The welded body used sheets of homogeneous steel armor, with a max thickness of 30 mm with a well-sloped frontal armor but the rounded nose and characteristic splash-board, borrowed to the AMX-13 chassis. It is divided into three compartments, with the driver and engine compartments at the front and the troop compartment at the rear. This rear compartment was completely modified to carry a central bench for an equipped platoon of ten men seated back to back, fully equipped. They had two rear access doors and a sloped roof with two additional two-piece hatch covers and four pistol ports per side (an innovation for the time). The infantry could either jump over the top or disembark through the rear doors, also fitted with pistol ports.
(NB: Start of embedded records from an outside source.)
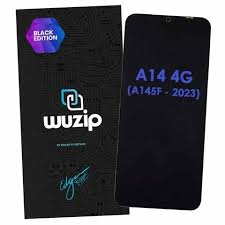 Modulo Samsung A14 A145 4G – Wuzip Black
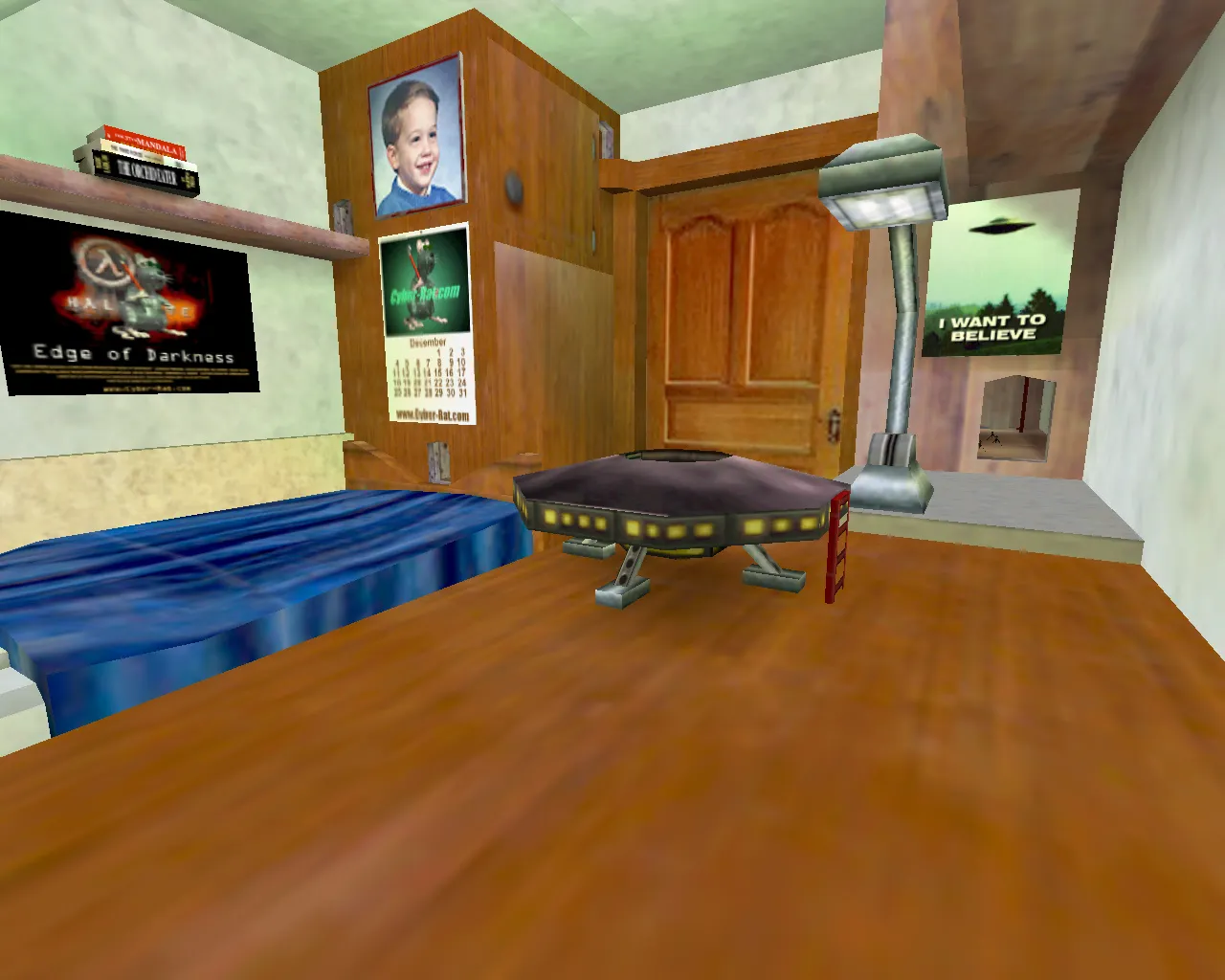 Скриншот  Карта awp_rats3 для CS 1.6: AWP-режим, тактика, точки, оптимизация и советы по настройке сервера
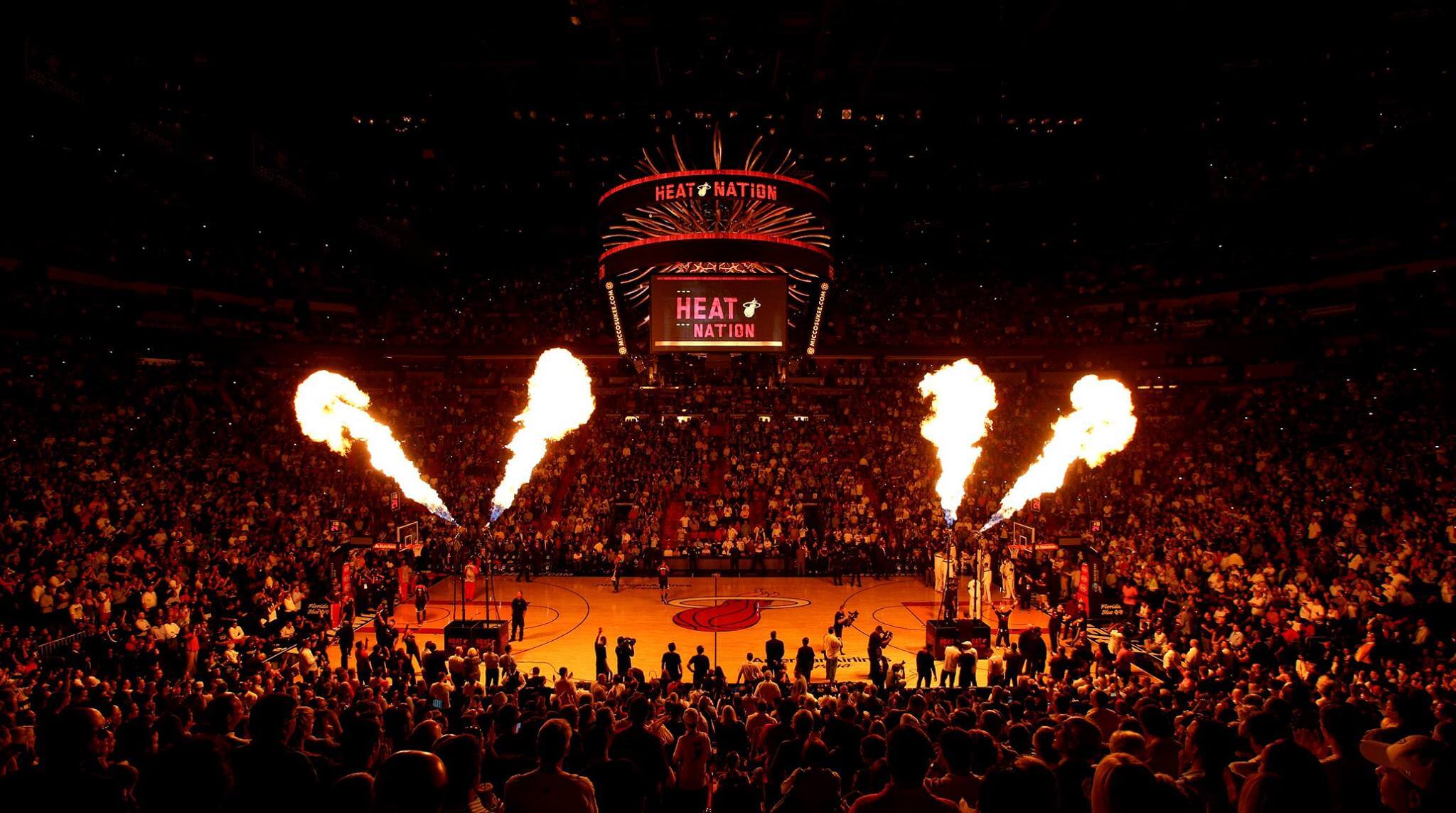 Heat vs. Magic Series Info & Rivalry History Ticketmaster Blog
The driver/co-driver had their own hatches and the driver single-piece hatch cover opened to the left and could see through three prismatic vision blocks covering the front and sides. The central one could be replaced by a night vision periscope. There was a tall superstructure just after the engine, and a rotating commander cupola on the left side, with four to ten vision blocks, depending on the version. This cupola was often modified during production to house a variety of armaments. One of the most current was the light turret (Tourelleau CAFL 56) developed in 1956-57. The superstructure front right was equipped with fasteners to hold storage.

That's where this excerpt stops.